Bloody good idea. However, i think it would need to be planned in concert
with the rail network; you wouldn't want to have express bus lines
duplicating the inherently fast rail lines. Perhaps the bus lines would
assume a more orbital configuration, moving people around within the
suburbs rather than in and out of the town centre (exactly like the
Brixton - Croydon route you describe). Although it would be very nice
indeed if there were express night bus services covering the rail
corridors.

Local routes would serve all currently designated bus stops, but their
range would be limited so that no journey was longer than 5 miles.

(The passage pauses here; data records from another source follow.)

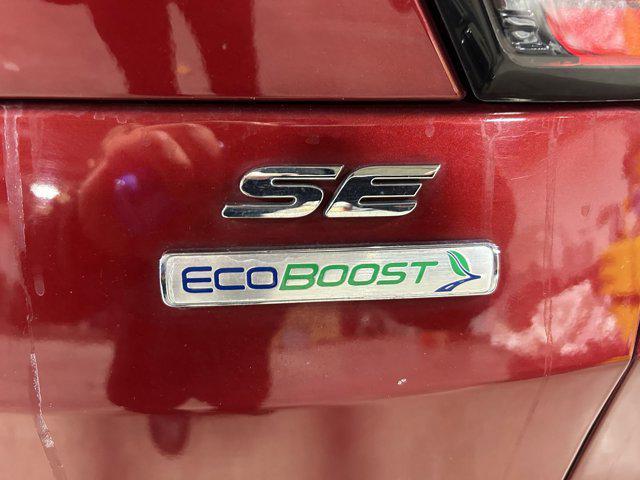 used 2017 Ford Escape car, priced at $12,344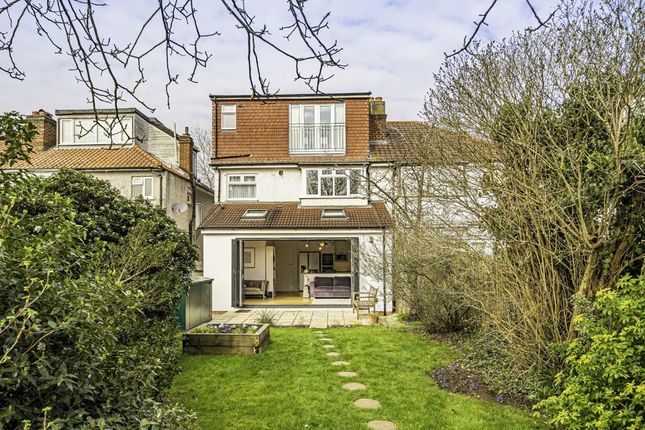 Semi-detached house for sale in Staines Road, Twickenham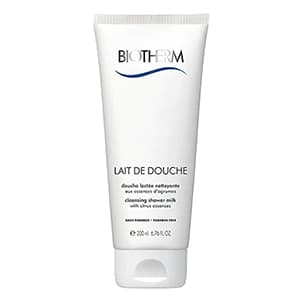 biotherm lait de douche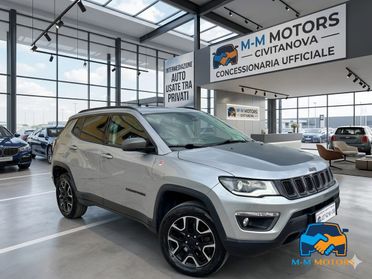 Jeep Compass 2.0 mjt Trailhawk 4wd active drive low 170cv auto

So the existing routes would be split into 5-mile chunks? I'm not sure of
the necessity of this, and the introduction of arbitrary breaks would make
certain short journeys (from one side of the break to the other) much
harder than at present.

This would be to improve reliability - the longer a bus route, the
greater the chance that 'bunching' will happen and the more the
timetable is thrown out of whack.


I'm not entirely convinced that bunching is unavoidable with long routes;
surely it could be beaten by better control systems? I'm thinking of
detecting that buses are close (which would mean tracking them by GPS or
GPRS triangulation) and instructing the back one to slow down a bit.

Express routes would serve specially designated stops (which would be at
major town centres - as an example, the 109 which currently runs from
Brixton to Croydon might stop at Brixton, Streatham, Norbury, Thornton
Heath and Croydon). The routes would be longer distance routes, because
the limited stops would mean that the journey would be a lot faster.


Also, these routes would have priority for bus lanes, traffic modulation
measures, better driver training, linking of traffic lights to the bus
control system, bendybuses, nicer bus shelters, etc. Also, because they
only need to get from point to point without stopping on the way, they can
make more use of fast, non-stoppable roads like clearways and such, which
should speed them up even further.

A twist on the scheme would be to have partial express services, along the
lines of the fast Metropolitan services; you might have something which
looked like Finsbury Park - Hackney - Stratford which stopped at all the
present 106 or 253/4 stops between FP and Hackney, but was then express
from Hackney to Stratford. I have no idea if that particular route would
be any use, but there might well be cases where that sort of thing would
be good.

Anyway, it'd be one in the eye for the fecking tram nazis!!!